Gaara desvió la mirada de las mujeres para clavarla en la otra mujer. Estaba adentrándose en el taxi y por un instante, tuvo una extraña sensación.
A rápidos pasos se acercó hasta el coche, inclinándose.
—Espere —ordenó. El taxista se volvió hacia él.
—Lleno, amigo. Si quiere otro taxi tendrá que pedirlo. O puede esperar a que deje a la señorita y luego venga a por usted.
Gaara negó.
—No quiero un taxi, quiero…
Se volvió hacia la mujer, quedándose con la boca abierta al reconocerla. La joven se llevó una mano a la boca.
—Usted es…
Naruto suspiró aliviado cuando Sakura terminó de explicarle qué ocurría. Unas anginas problemáticas pero que no habían llegado a un punto extremo. Con la hiperactividad de Boruto la fiebre se complicó, pero no había sido nada irreparable. Unos días en observación bajo cuidados médicos era el resultado.
—Gracias, Sakura-chan.
—No me las des —negó esta encogiendo los hombros para darse golpecitos con los puños—. Tengo guardia hoy, así que no es ningún problema para mí. El pediatra es amigo mío, además. Te aseguro que lo hará bien. Está en buenas manos.
—Si fuera Sarada…
—Lo sé, Naruto —interrumpió—. Sé cómo te sientes. Y probablemente, tendría que estar encargándome de mi hija y de que mi pareja no estrangulara a mis compañeros.

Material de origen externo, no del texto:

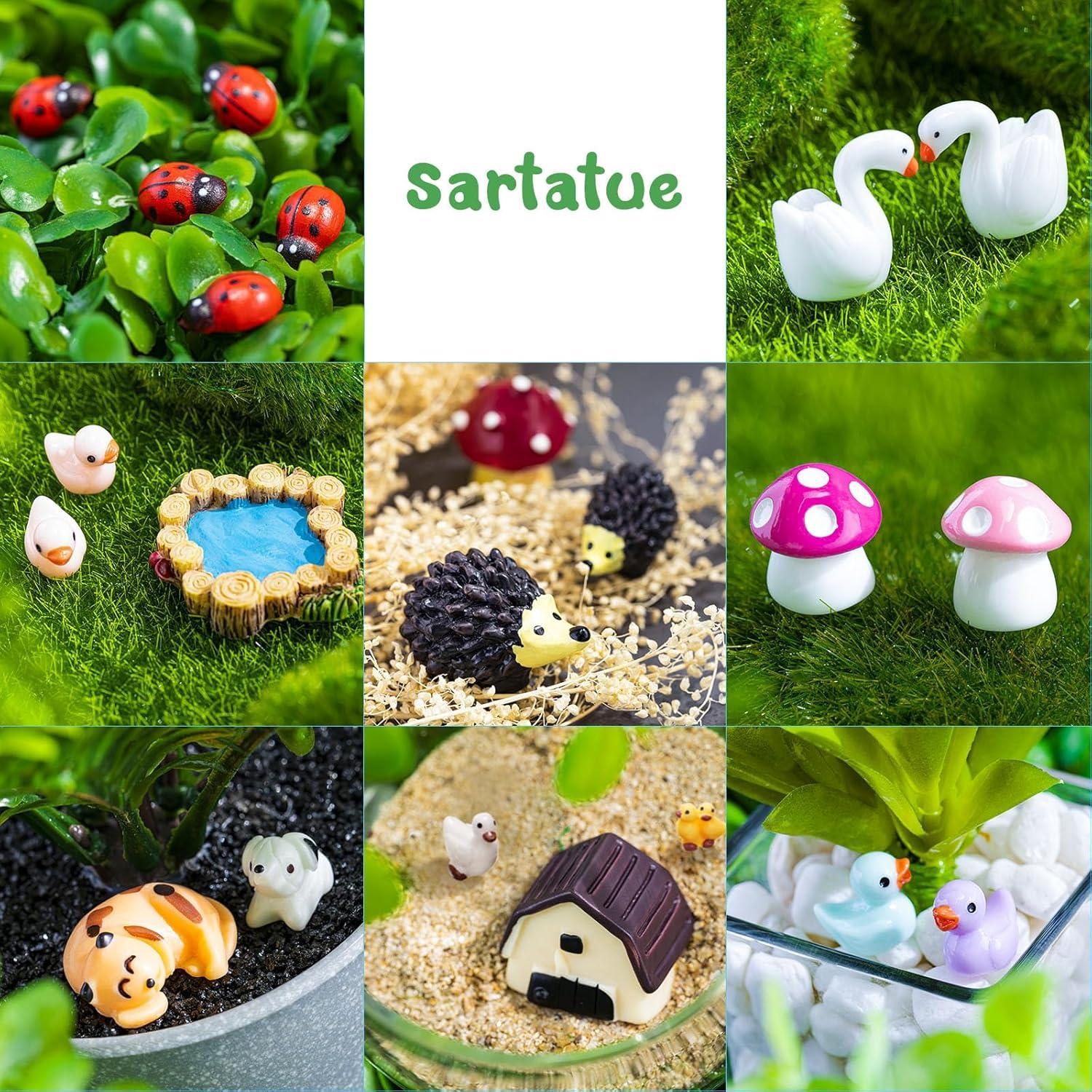 Kit de Accesorios de Jardín en Miniatura Yalikop - 240 Piezas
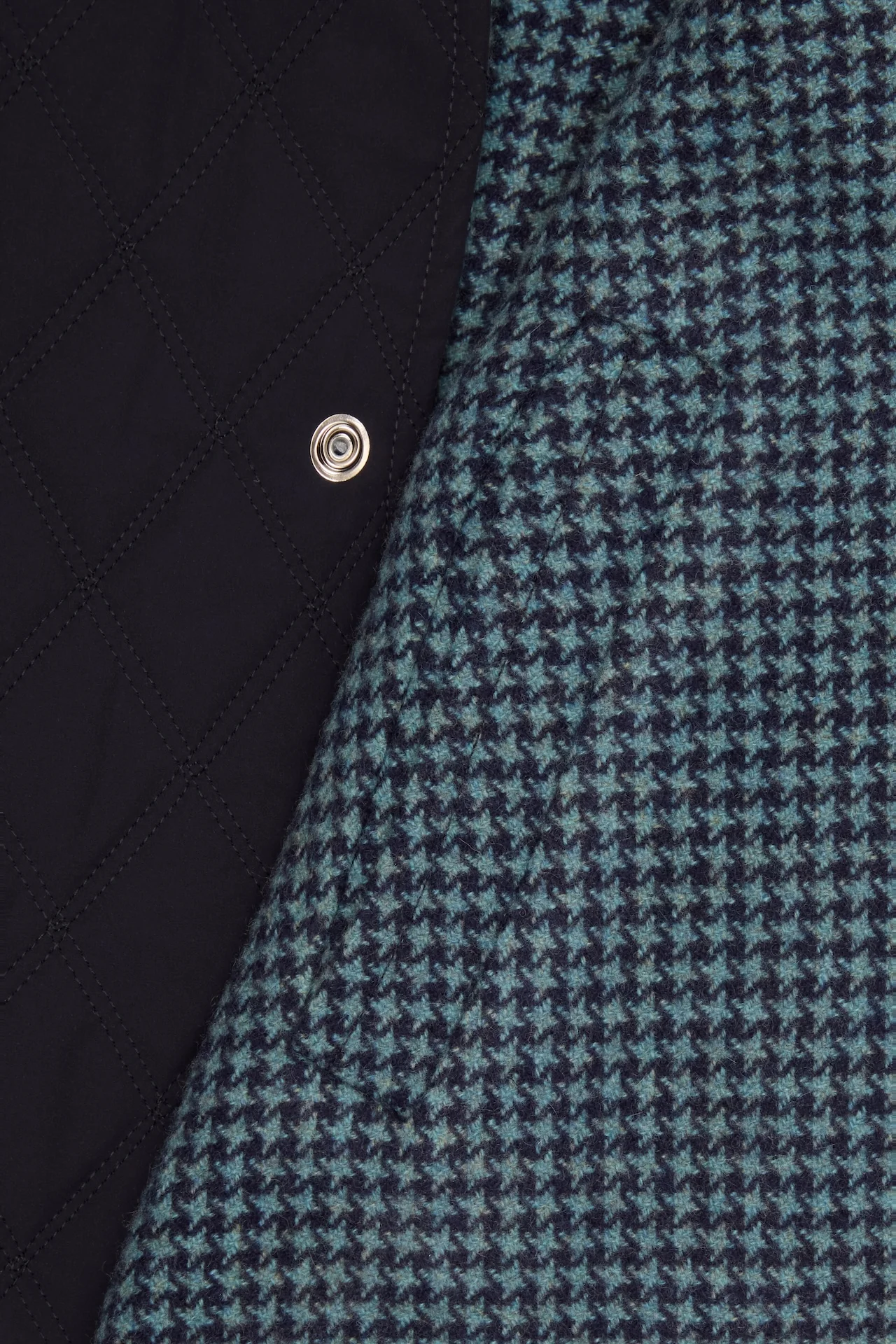 Navy Quilted Cashmere Lined Gilet - Image 4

Naruto no pudo evitar sonreír al imaginarse a Sasuke haciéndolo.
—Se pondrá bien —prometió Sakura tomándole de las manos—. Solo necesita descansar. Y tú también.
—En realidad ha sido Gaara el que se ha encargado de todo —musitó apretando los labios con enfado. Un enfado consigo mismo—. Me llamó cuando estaba en el trabajo y vine corriendo.
Miró por encima de su hombro hacia el pasillo. Había dejado a Gaara en la zona de urgencias.
—Iré a buscarle y darle las gracias.
—Más vale que se las des bien —asintió Sakura dándole una palmada en el hombro—. Una cena romántica sería genial. Y un poco de sexo.
Naruto apretó los labios para retener la sorpresa. Nunca nadie había ofrecido esa oportunidad para Gaara y él. Sí. El pelirrojo era su coartada mejor elaborada, pero nadie tenía que saber que ni siquiera se besaban o que compartir la cama era algo simple como dormir.
Así que se forzó en sonreír.
—Lo haré.
Sakura parpadeó, preocupada.
—¿Va todo bien entre vosotros? —preguntó.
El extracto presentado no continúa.